Why Do Some Businesses Fail, While Others Go Through with Their Business Plan?

A starting point for any business idea is an analysis of the chosen target market. There is a simple explanation behind it – running a business is all about meeting or creating demand. While business plans focus on developing strategies to get the business going, feasibility studies assess the potential of a business idea in an established market. The restaurant business is no different – it all starts with a concept that develops into a business.

About the reviewer

Alex Silensky, expert business consultant and co-owner of OGS Capital, a leading business consulting firm with expertise in strategic business plan development, due diligence and business feasibility studies.

Which comes first – a feasibility study or a business plan?

Any business begins with an idea. And while sample business plans can be used to help formulate a business idea coherently, a business plan is not where you start. The aim of any feasibility study is to assess the feasibility of a business idea. In simpler words – does the startup have potential? It’s no secret that a majority of startups fail within the first year of opening.

Though, there are many factors that can impact the success or failure of a startup, a feasibility study gives an initial assessment of feasibility. A restaurant feasibility study can begin, after a detailed presentation of a business idea is put together. 

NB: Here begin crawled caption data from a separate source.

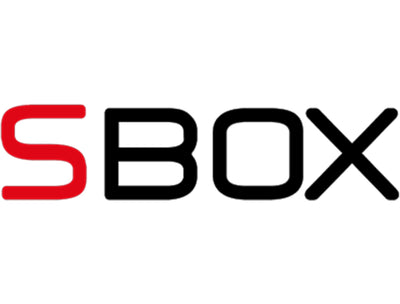 SBOX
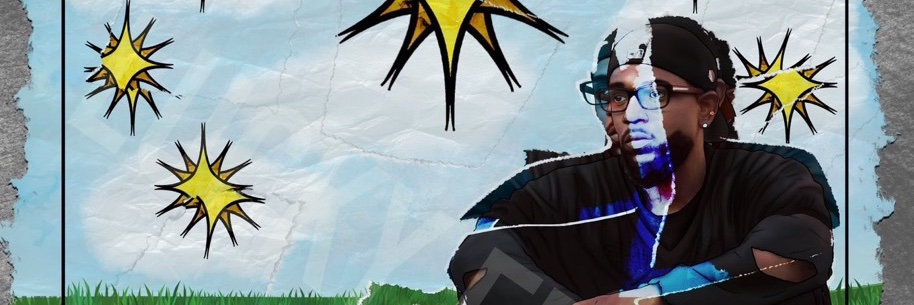 CrumbleBastard's banner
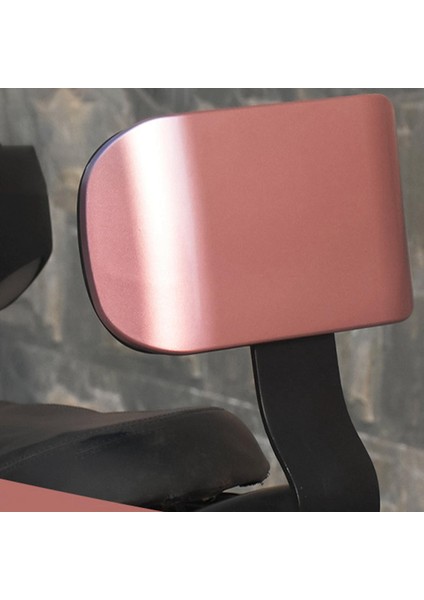 Koltuk Iğı Ik Elektrik Dayanıklı Altın (Yurt Dışından) fırsatları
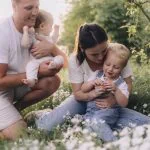 familien fotoshooting in der nähe, familien fotoshooting köln, familienfotograf bonn, familienfotografie bonn, familienfotografie köln, familienfotos bonn, familienfotos köln, fotograf bad Godesberg, fotografie bonn, fotografin bonn, fotoshooting bonn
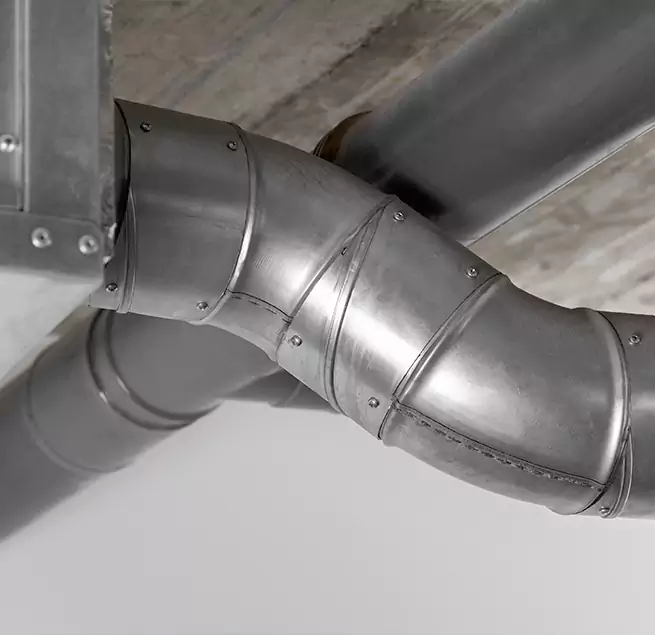 Why Homeowners & Businesses Trust Us in Brownsville, TX?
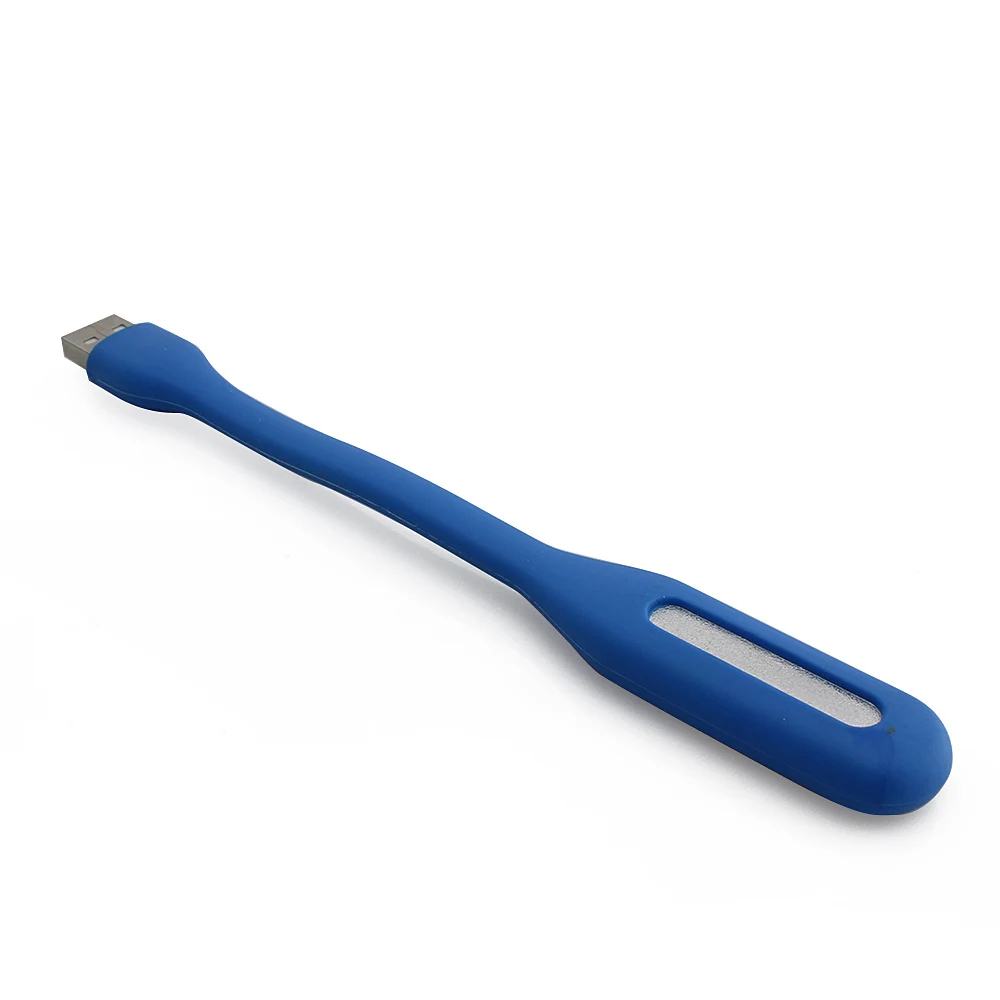 usb light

Describing your business vision

A business idea is a lot more detailed than: “I want to open a restaurant!”. To carry out a feasibility study, you have to describe in detail at least the following:

  • What kind of business is being started: a restaurant, a cafe, a food truck empire?
  • Why is the business being started? What demands of the target market will be satisfied, and how will it differ from goods and services offered by its competitors?
  • Whom is the business for, or, in other words, a description of the target audience.
  • What business target does the entrepreneur want to achieve?

Conclusion

To understand if a business is going to work, the feasibility of a business idea should be assessed. It is carried out with a thorough examination of the market. Of course, as the last couple of years have shown, not all potential risks that a startup can encounter can be calculated and identified. A business that tries to save up on the costs of a feasibility study, risks being in the percentage of annually failed startups.

A feasibility study comes before a business plan because it assesses the strengths and weaknesses of the business idea. If the business proposal is deemed feasible, the findings of the feasibility study can be used to improve strategies and tailor the idea to best fit the market.